KETENTUAN HUKUM &
EKSEKUSI HAK TANGGUNGAN
Seiring dengan
perkembangan jaman yang semakin komplek maka mempengaruhi dunia ekonomi terkait
dalam hal pembangunan nasional. Pembangunan nasional untuk meningkatkan taraf
kehidupan masyarakat yang adil dan makmur sebagaimana tertuang dalam Pancasila
dan Undang-Undang Dasar Negara Republik Indonesia Tahun 1945. Upaya
mengembangkan perekonomian dan perdagangan diperlukan peran dari pemerintah dan
pelaku usaha (masyarakat dan badan hukum).
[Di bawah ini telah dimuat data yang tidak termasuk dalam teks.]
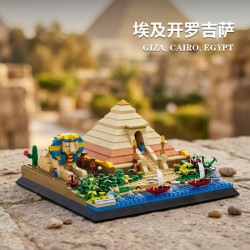 WANGE LIGAO Dr.Luck 5257 Giza Pyramids, Cairo, Egypt Xếp hình lắp ráp ghép mô hình Kim tự tháp Giza, Cairo, Ai Cập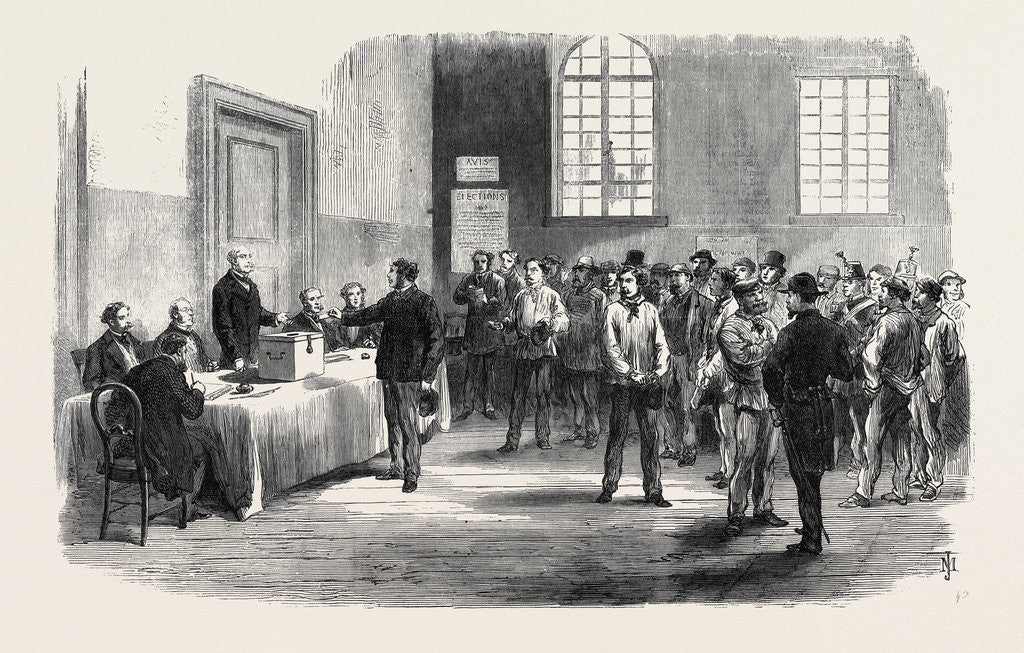 Detail of The Elections in France: Electors Voting at the Polling-Place in the Faubourg St. Antoine 1869 by Anonymous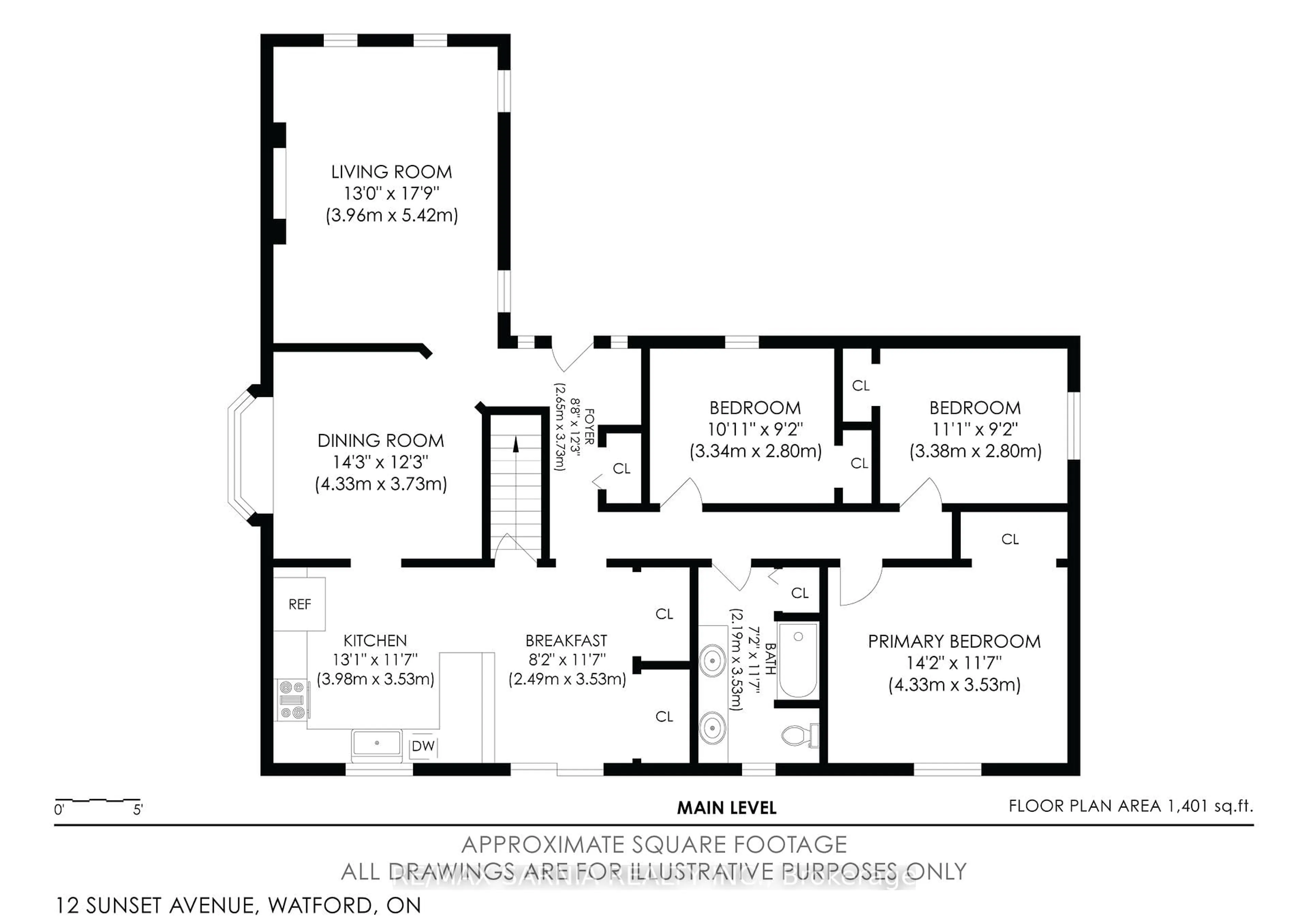 Floor plan for 12 Sunset Ave, Warwick Ontario N0M 1S0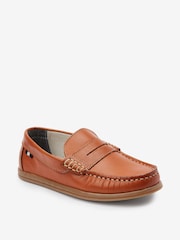 Tan Brown Leather Slip-On Penny Loafers - Image 2 of 4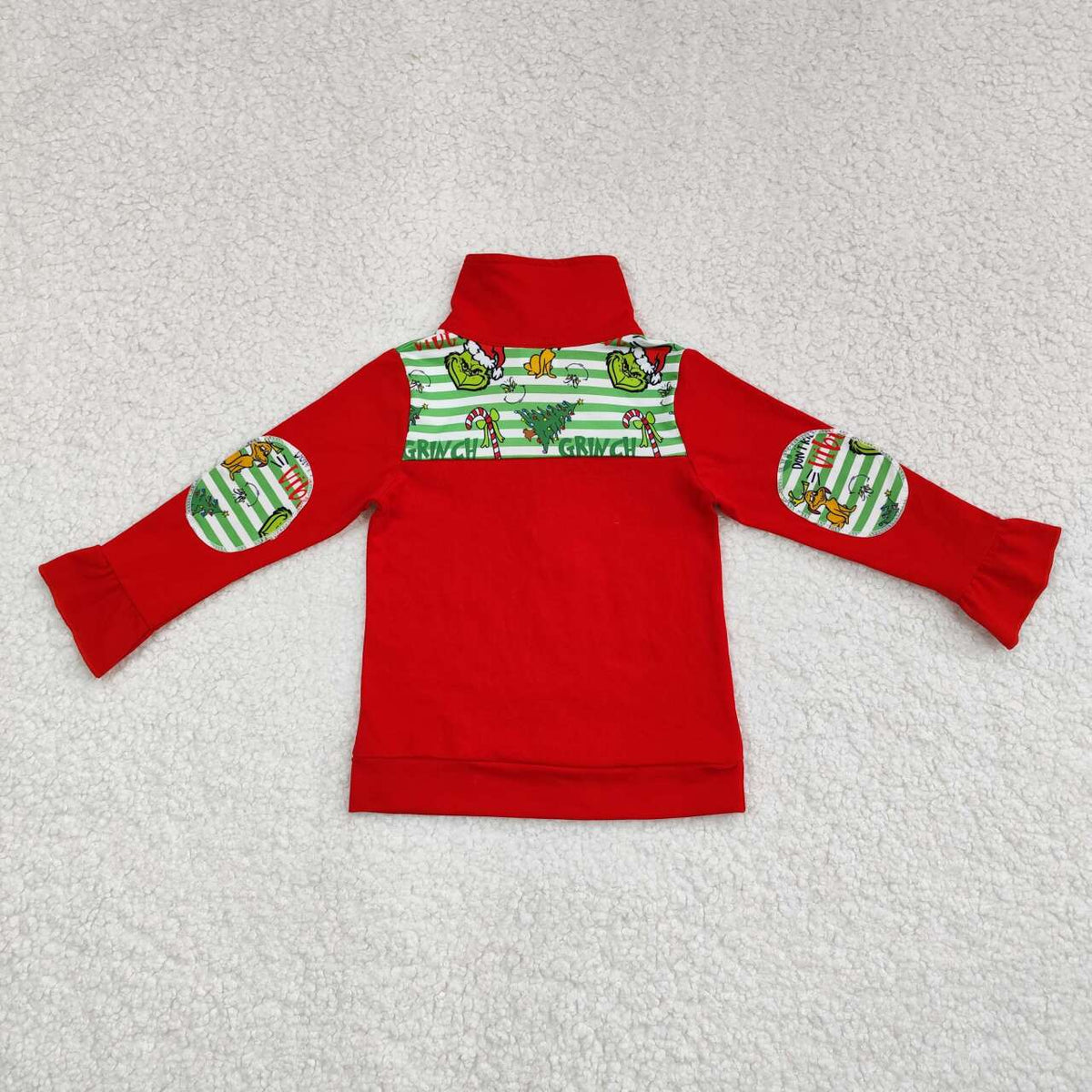 GT0611 Green Frog Stripes Print Girls Christmas Zipper Pullovers Top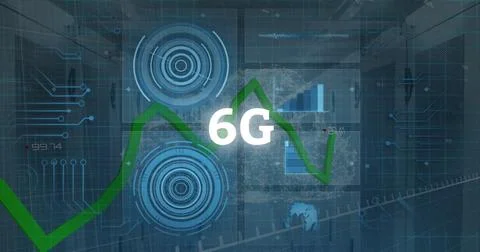 Image of 6G text and data processing over dark background Stock Illustration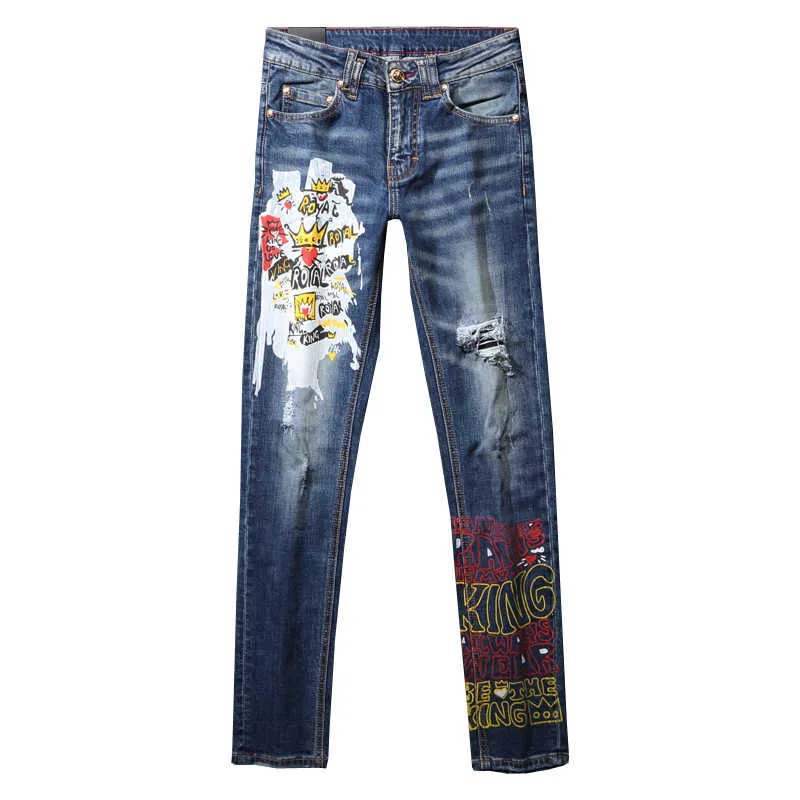 Retro Punk Embroidery Decorated Ripped Jeans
Pengembangan perekonomian tersebut
memerlukan adanya modal yang besar sehingga modal tesebut diperoleh dengan
perkreditan melalui perbankan.
Upaya perkreditan
yang dilakukan oleh debitur dan kreditur dilakukan dengan membuat perjanjian
kredit terlebih dahulu sebagai perjanjian pokok. Perjanjian kredit biasanya
dalam bentuk perjanjian baku yang diberikan oleh kreditur kepada debitur dimana
untuk disepakati bersama. Akan tetapi ada pula perjanjian kredit dibuat secara
akta notariil yang dibuat oleh Notaris. Notaris dalam hal ini harus teliti guna
melindungi masing-masing pihak terkait dengan hak dan kewajibannya. Pemberian
kredit oleh kreditur kepada debitur tidak secara cuma-cuma melainkan disertai
dengan pemberian jaminan yang senilai dengan jumlah dari nilai kredit tersebut.
Mayoritas debitur
memberikan jaminan kepada kreditur berupa tanah dalam bentuk sertifikat hak
atas tanah. hal ini disebabkan tanah mempunyai nilai yang relatif stabil bahkan
tidak akan mengalami kemerosotan, sangat menguntungkan bagi kreditur.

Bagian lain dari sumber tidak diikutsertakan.